On the growing competitive power of online platforms:
"The antitrust laws cover unilateral and coordinated conduct in industries throughout the economy, including companies operating on the Internet such as online platforms. Over time, these laws have proven effective and adaptable to various types of anticompetitive conduct even as industries have evolved and technology has created new markets. If I am confirmed, the Antitrust Division will investigate and vigorously enforce the antitrust laws with respect to online platforms as I would in any industry, based on the economic and analytical tools appropriate to the circumstances and to ensure robust competition and innovation."
On the proper role of antitrust and consumer protection laws in the high-tech sector:
"Antitrust has a vital role to play in the high-tech, e-commerce economy to protect consumers. Actions by firms that threaten competition in the high-tech, e-commerce economy, whether by merger or conduct, should be investigated and pursued if the investigation uncovers an antitrust law violation."
When asked about the state of competition in the wireless market, in the context of a possible merger of Sprint and T-Mobile:
"I have not recently studied the state of competition in the wireless market and therefore do not have any particular impression regarding it's competitiveness at this time. If confirmed and presented the opportunity, I look forward to studying it."
On the potential harm of vertical mergers:
"I think the majority of antitrust scholars recognize that most vertical mergers can create efficiencies that benefit consumers in a way that horizontal mergers may not. At the same time, there are instances where a vertical merger may have anticompetitive effects....The vertical mergers most likely to require a close look by government enforcers are those where there is risk that upstream or downstream competition may be foreclosed by the transaction."
On the role the antitrust division should have in protecting net neutrality:
"To the extent that firms with market power take anticompetitive exclusionary actions to limit competition on the internet, the Antitrust Division can and should use the antitrust laws to protect that competition.

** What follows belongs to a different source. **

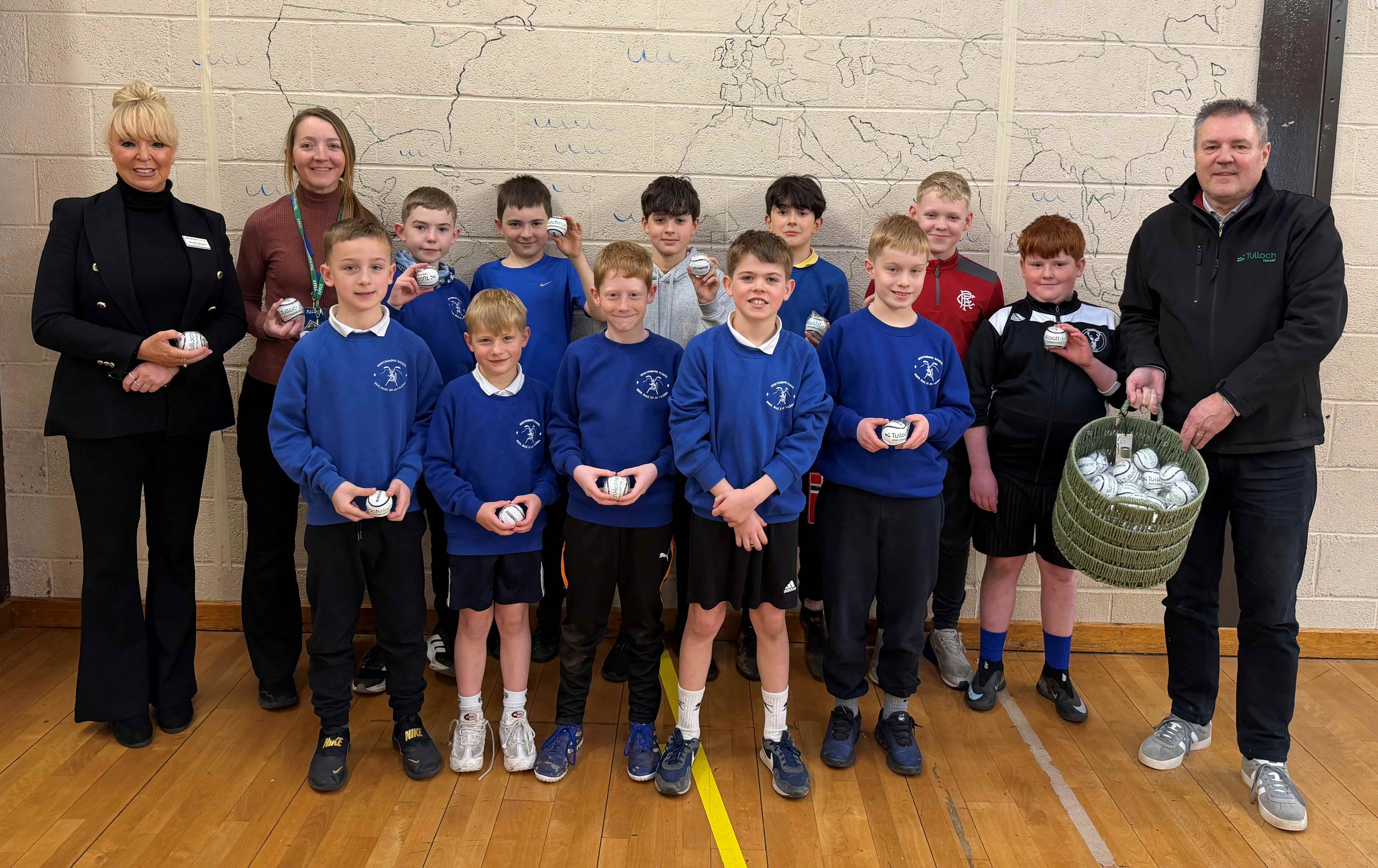Tulloch Homes donates Camanachd Cup Shinty Balls to primary school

It would not be appropriate to utilize the antitrust laws to reach objectives beyond protecting competition."
On whether he will act independently of the president:
"It is important that all antitrust investigations comply with Department policies, and that political considerations do not influence the handling of particular cases. ...To the best of my recollection, I have never been in a situation where I have had to compromise my principles due to White House or other political pressure, including, in particular, my previous service at the Department of Justice."